- DATASET EXTRACT -
+++

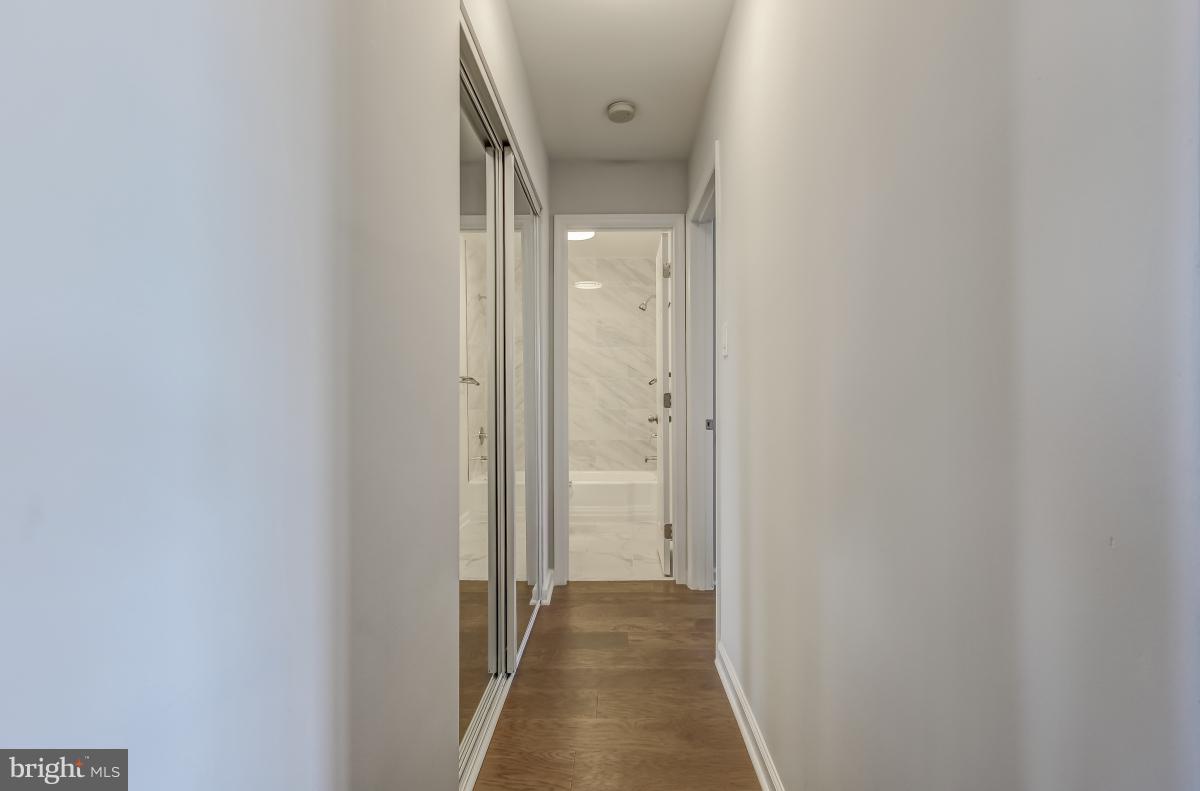 YORKTOWN CONDOMINIUM - Residential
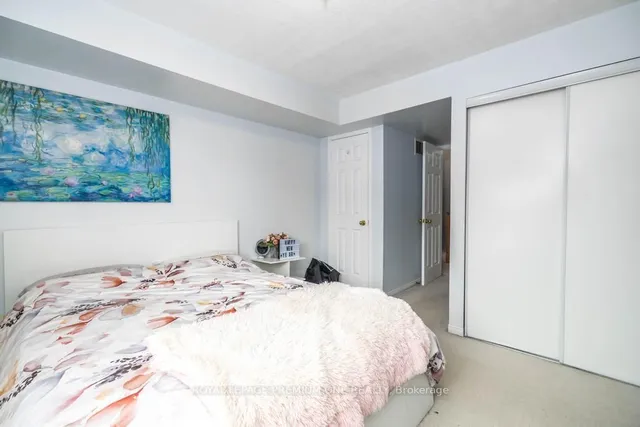 Additional image 22 of 65 Turntable Cres Unit 90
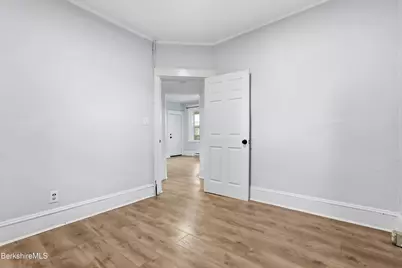53 Orchard St, Pittsfield, MA 01201 - Photo 12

+++

- TRY IT -
Restate all of the material above word for word, excluding the pictures.

- REPLY TO THE EXERCISE -
 YORKTOWN CONDOMINIUM - Residential
 Additional image 22 of 65 Turntable Cres Unit 90
53 Orchard St, Pittsfield, MA 01201 - Photo 12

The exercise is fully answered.